The City, of course, is not prepared to argue that e-mails are not public records, because it would be a battle they would lose.  Instead, what they are doing is saying that as a matter of policy they will consider “every e-mail a preliminary draft and not retained in the ordinary course of business,” and make it incumbent upon each individual employee and council member to determine whether a particular e-mail is a public record per the CPRA, and if so, save it in a different folder.  The city is using the “draft” language because the CPRA makes an exception for “preliminary drafts, notes, or interagency or intra-agency memoranda that are not retained by the public agency in the ordinary course of business, provided that the public interest in withholding those records clearly outweighs the public interest in disclosure.”  Of course, an e-mail message in no way meets the definition of “draft,” much less as outlined by California Supreme Court precedent on the matter.  Moreover, the city’s definition of what constitutes a public record is much narrower than that of the CPRA itself (see the City Council’s Draft Guidelines Regarding the Use of City Electronic Communications), which makes it likely that city staff and council will not save many e-mails that are public records under the CPRA.

San Leandro is by no means the first California city to have adopted a policy like this.  The city of Coronado adopted a similar policy in 2000 and landed a nice lawsuit that led it to change its procedure.  Monterey gave it a go in 2005, resulting in yet another lawsuit and a $110,000 attorney fees award for the lawyer who challenged the policy.  Still, this issue has not yet risen to the Appellate level and San Leandro may be willing to take the gamble that it won’t. It would not be the first time that the city took a risky legal position for no good reason.

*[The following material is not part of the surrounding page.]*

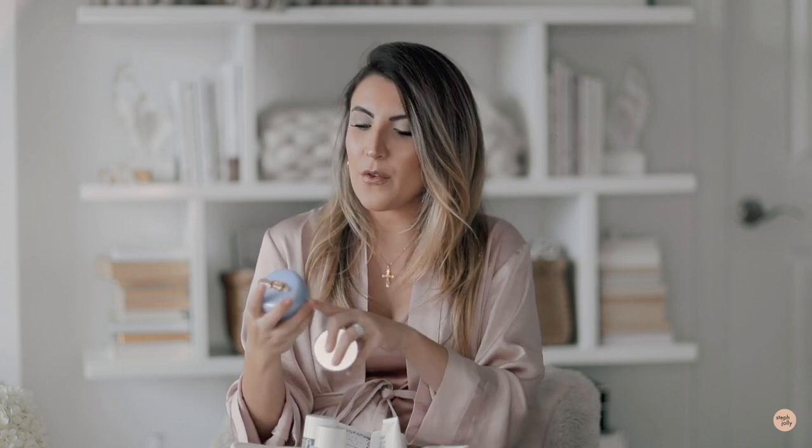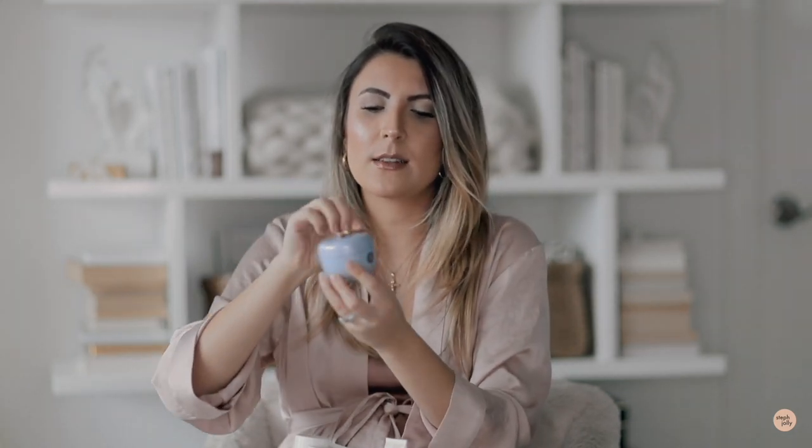In terms of moisturizers, the first one I absolutely love is the Tatcha Dewy Skin Cream. I love their water cream in the summertime and this is my winter moisturizer from them. It's so nourishing, super hydrating, and replenishing. Their packaging is just so beautiful — it even comes with a little gold spoon so you can scoop out your product. It's a really nice clean moisturizer that really hydrates. I have a little bit of combo skin, but especially in winter, it's been a really nice nourishing moisturizer.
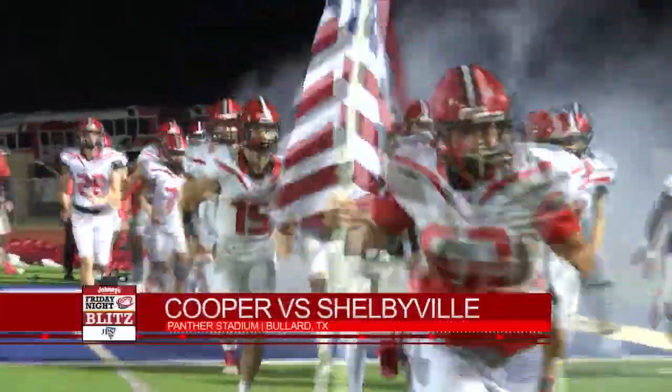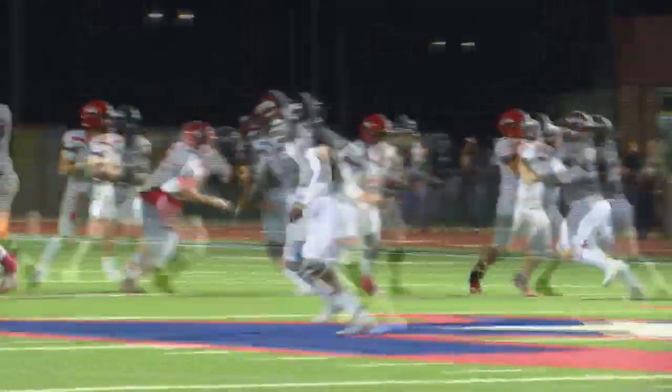Shelbyville taking on 10-win Cooper. Look at this. This is super exciting. That's right.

It’s impossible to know how much making this amendment will cost the city, though I will note that the CPRA requires a court to award attorneys fees to a prevailing plaintiff – thus the $110K attorney fees judgment in the Monterey case.   This also means that a plaintiff is more likely to be able to find a pro-bono lawyer, knowing that they will eventually get paid.

From a practical point of view, this new policy is also likely to backfire.  Knowing that the City will automatically destroy all e-mail evidence  after 120 days, anyone interested in keeping an eye on what’s going on in the city could just do a CPRA request for all e-mails stored in all city computers every couple of months.  They could then just dump the data into a public website and people could search through it at their pleasure.  This, of course, would mean that rather than responding to occasional CPRA requests and gathering a limited amount of records, city staff would be burdened with regular CPRA requests that require gathering lots of records.  This doesn’t seem like good use for city staff time.

We can speculate as to what is prompting City staff to push for this policy change at this time.  It’s difficult to not believe that fear of having controversial information disclosed is not at the heart of it.  If so, it’s quite lamentable.